-------- RECORDS SHOWN --------

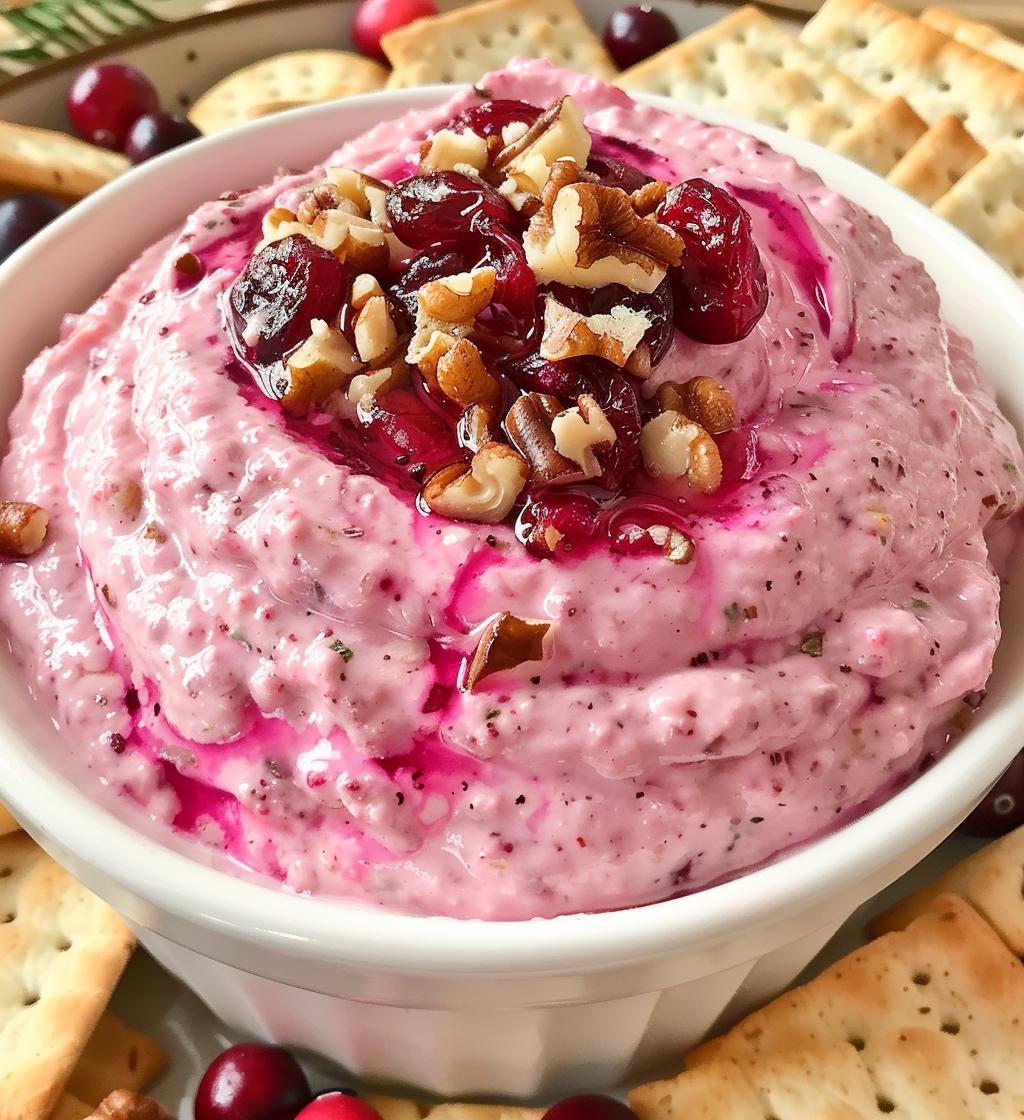 Cranberry Whipped Feta Dip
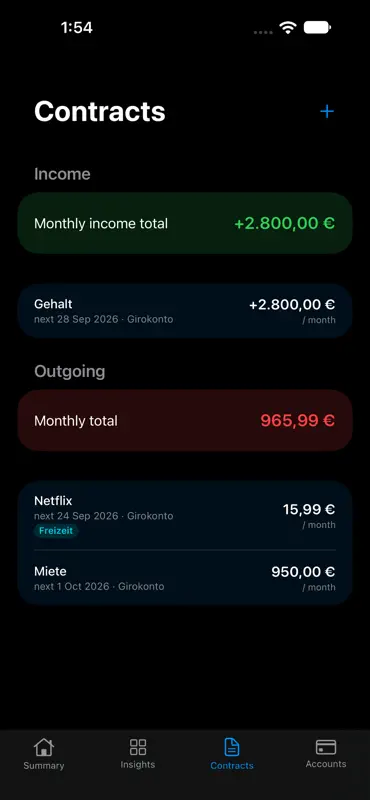 Finloop Money Tracker screenshot 3 of 4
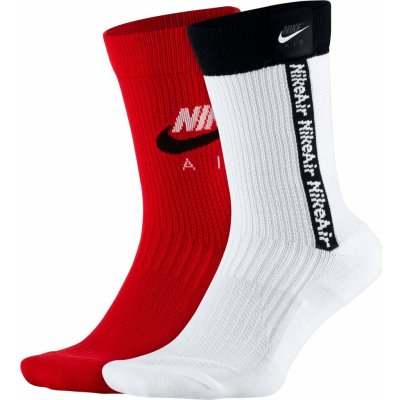 Nike Sportswear ponožky černá červená bílá — Heureka.cz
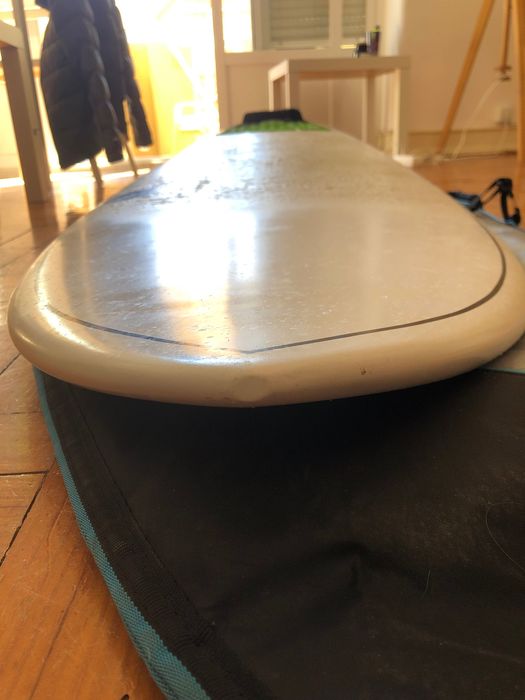 Surfboard NSP Hybrid Element White 6'4 + Boardbag + Leash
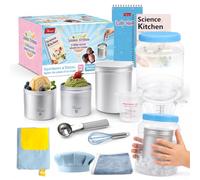 Ice Cream Making Kit for Kids - STEM Science Toy Ages 5-12, Recipe Cards | Flavery Science Kits for Kids Age 5+, Educational Food Science Experiments, Make Your Own Ice Cream, Fun Family Games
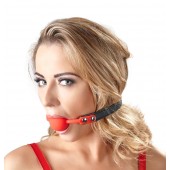 Силиконовый кляп-шар на чёрных ремешках Red Gag silicone - Orion - купить с доставкой в Бердске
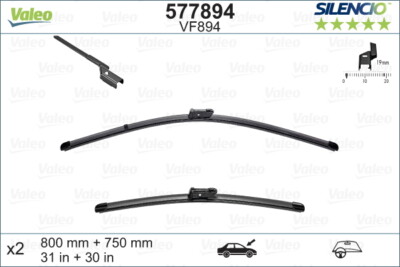 VALEO 577894 Scheibenwischer für CITROËN
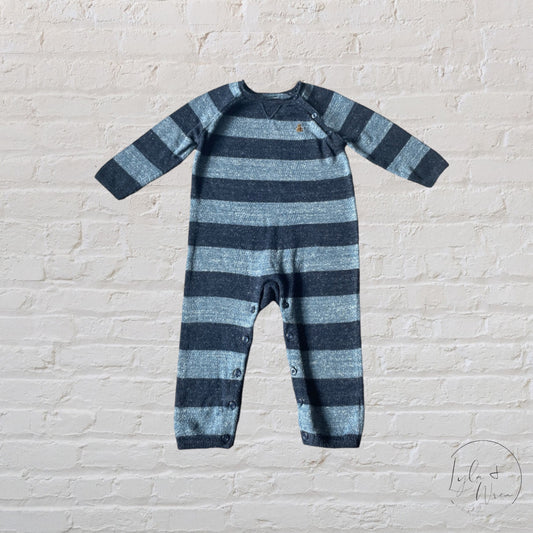 Gap Blue Knit One Piece | 12-18 M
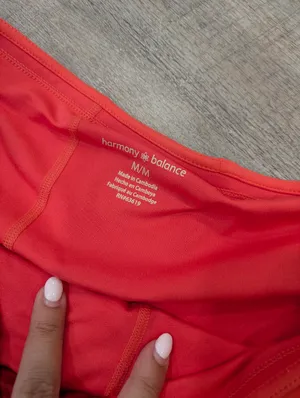 NWT Harmony Balance Vibrant Coral Athletic Skort Size Medium thumbnail 2
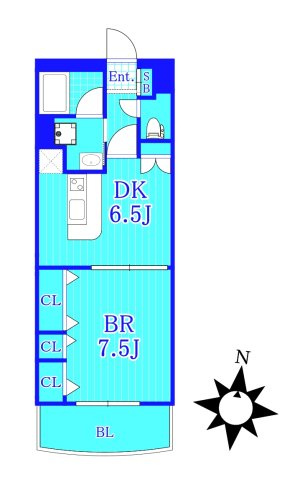 グリフィン横浜東口弐番館の間取り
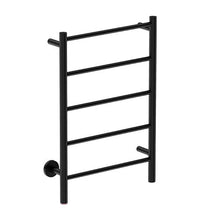 Load image into Gallery viewer, Bathroom Butler NAT05221-PTS-MBLK Natural 5 Bar Straight PTS Heated Towel Rail 500mm - Matt Black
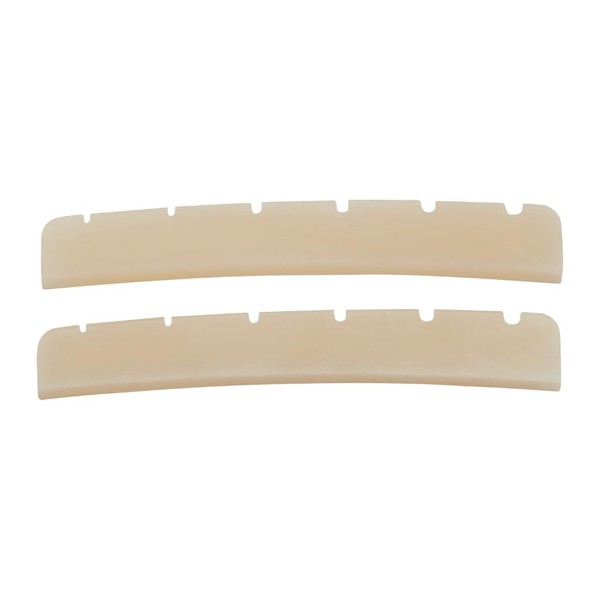 Dopro 2-Pack 10" Radius Curved Base Pure Bone Nut Pre-Slotted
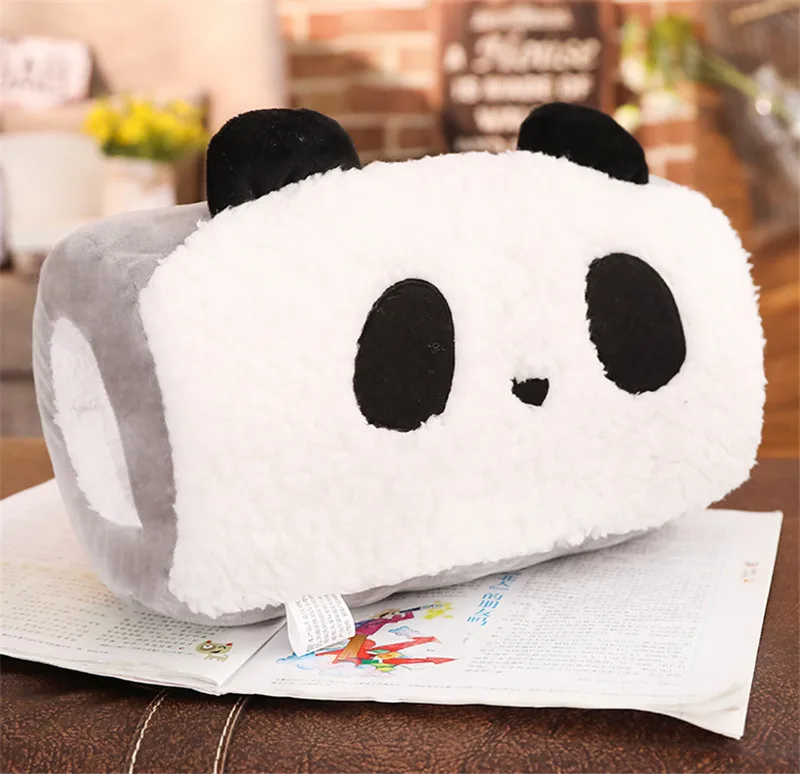 grey panda Новая креативная грелка для рук мягкая подушка Панда Кролик плюшевая игрушка для детей офис плюшевая мультяшная кукла - Цвет: grey panda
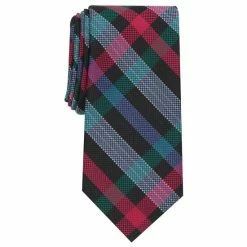 Best deal ❤️ Club Room Men's Classic Holiday Tartan Tie, Created For Macy's Med Blue ❤️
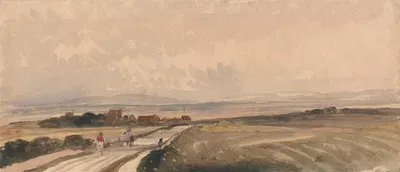 A Yorkshire Road by Peter DeWint — digital art print download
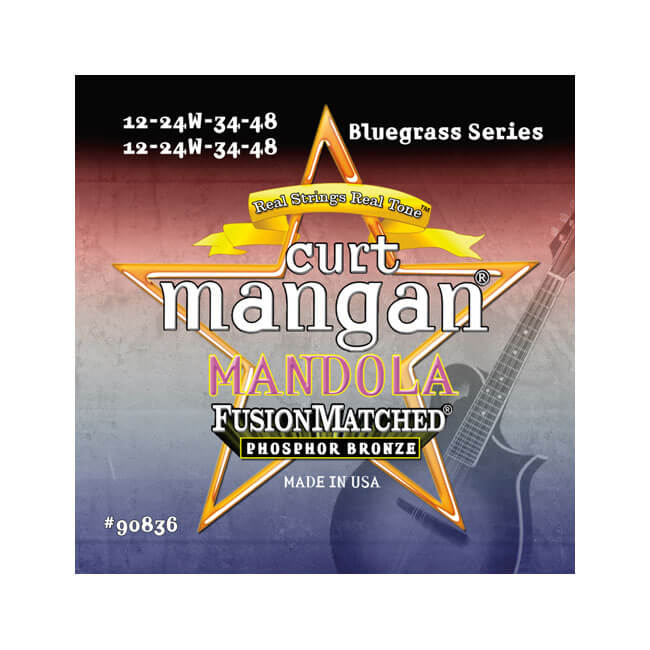 119 Curt Mangan 90836 Phosphor Bronze mandola-strenger 012-044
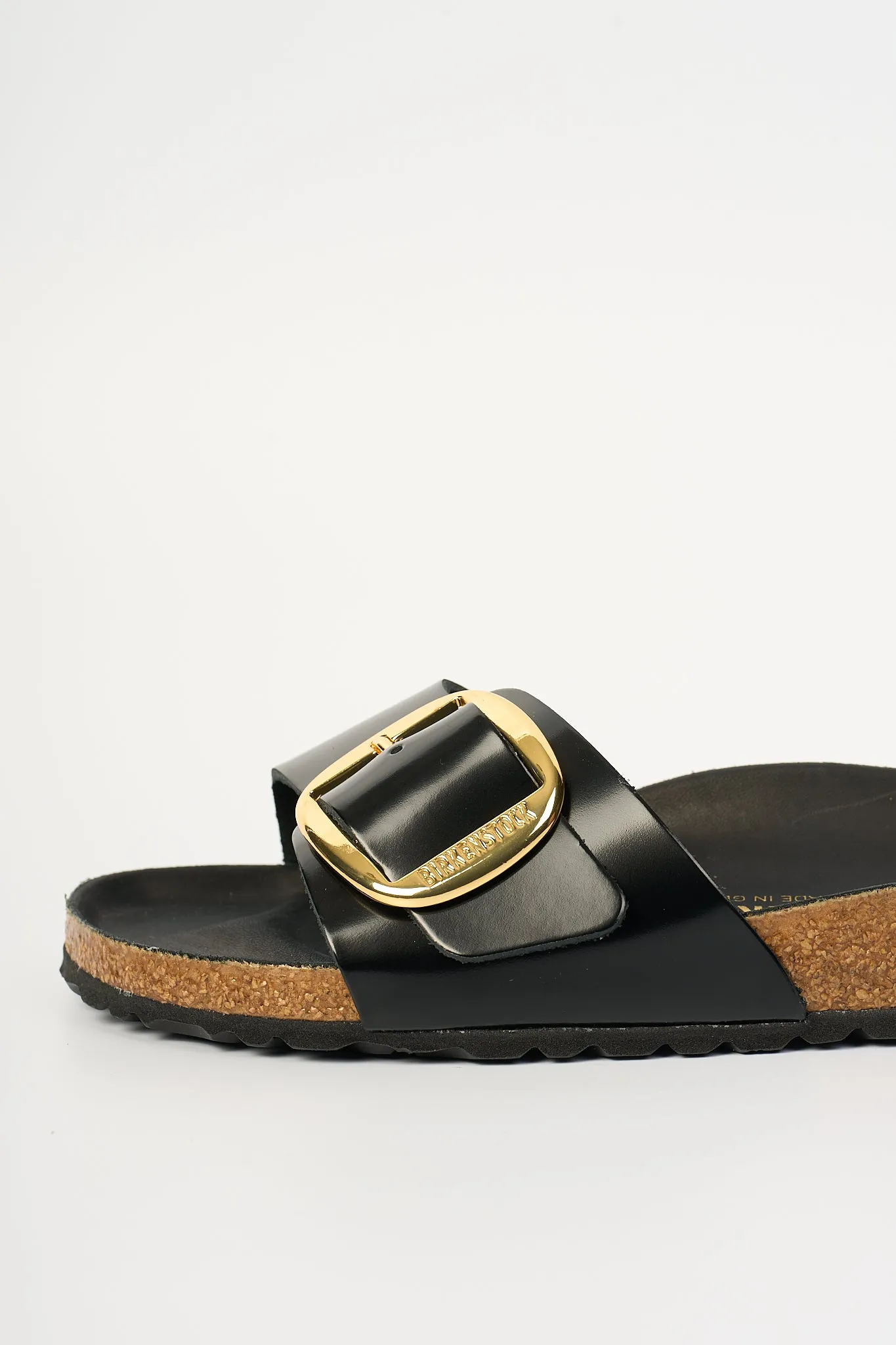 Birkenstock Ciabatta Madrid Big Buckle Nero Donna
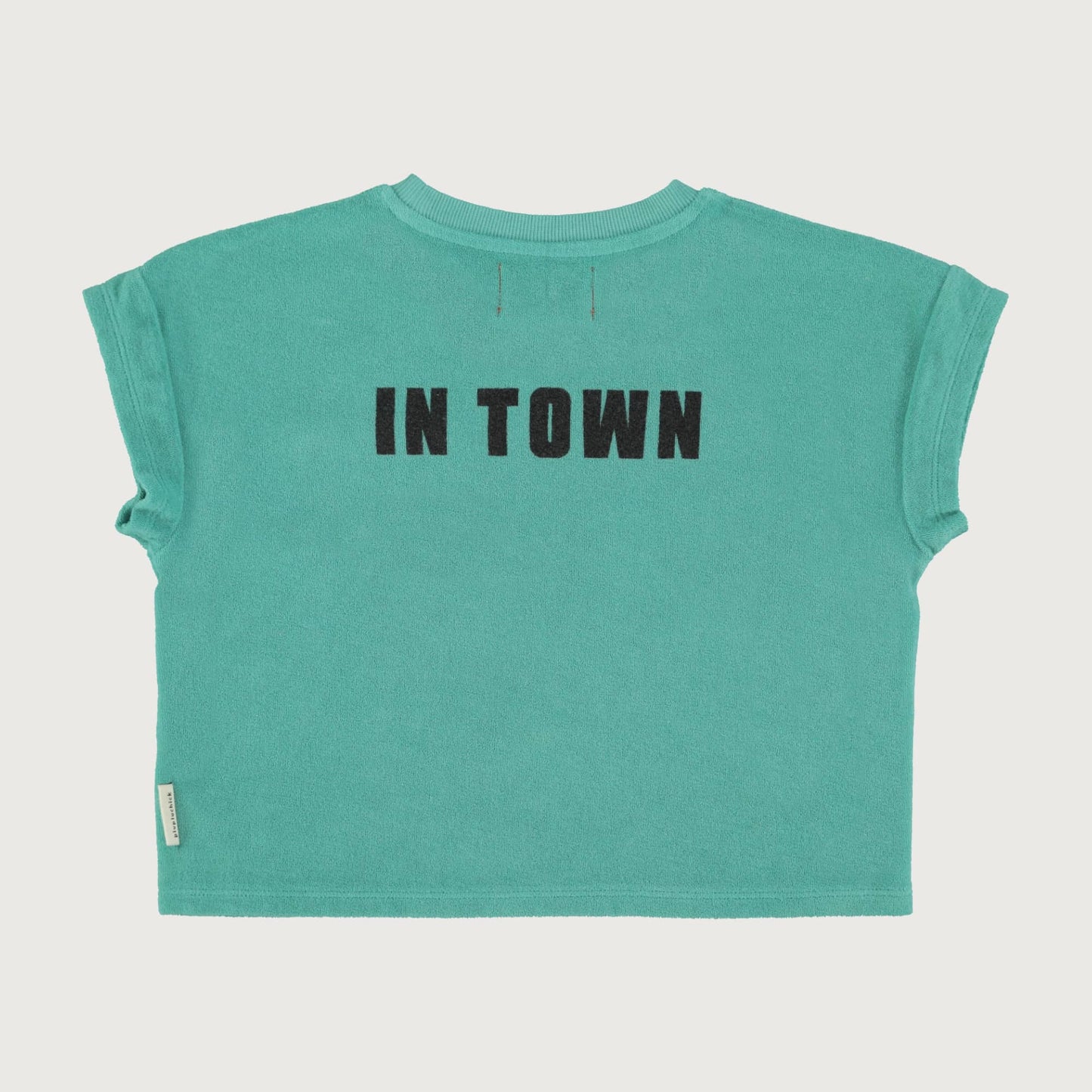 Piupiuchick T-shirt turquoise with BEST FRIEND print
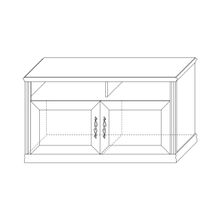 ПМ: КУРАЖ ТВ-тумба с нишей Венето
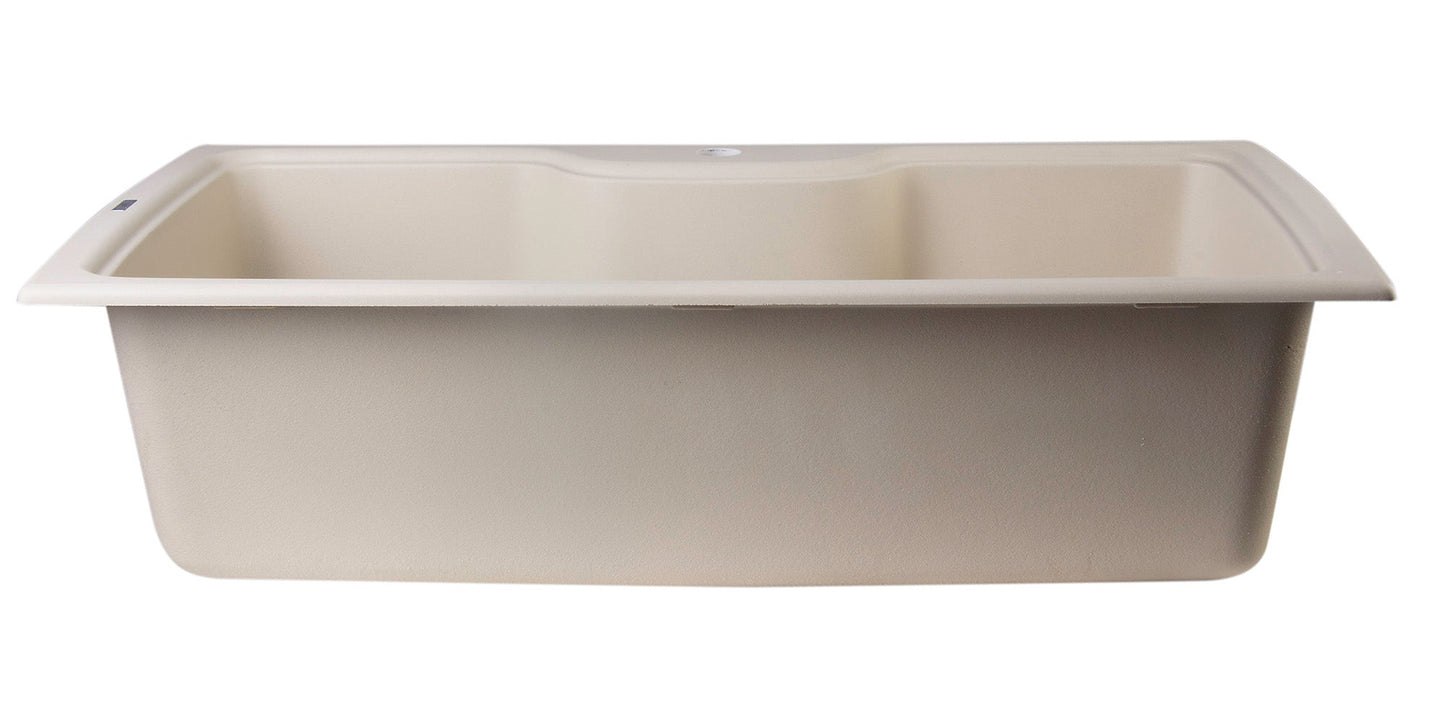 ALFI brand AB3520DI 35" Drop-In Single Bowl Granite Composite Kitchen Sink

--------

WORK ORDER:
Nothing but the lines from the one containing "グリフィン横浜東口弐番館の間取り" through the end of the listing is to be output, and those lines are to be output exactly, pictures excluded.

EXERCISE RESULT:
 グリフィン横浜東口弐番館の間取り
 Load image into Gallery viewer, Bathroom Butler NAT05221-PTS-MBLK Natural 5 Bar Straight PTS Heated Towel Rail 500mm - Matt Black
 Dopro 2-Pack 10" Radius Curved Base Pure Bone Nut Pre-Slotted
 grey panda Новая креативная грелка для рук мягкая подушка Панда Кролик плюшевая игрушка для детей офис плюшевая мультяшная кукла - Цвет: grey panda
 Best deal ❤️ Club Room Men's Classic Holiday Tartan Tie, Created For Macy's Med Blue ❤️
 A Yorkshire Road by Peter DeWint — digital art print download
 119 Curt Mangan 90836 Phosphor Bronze mandola-strenger 012-044
 Birkenstock Ciabatta Madrid Big Buckle Nero Donna
 Piupiuchick T-shirt turquoise with BEST FRIEND print
 ПМ: КУРАЖ ТВ-тумба с нишей Венето
 ALFI brand AB3520DI 35" Drop-In Single Bowl Granite Composite Kitchen Sink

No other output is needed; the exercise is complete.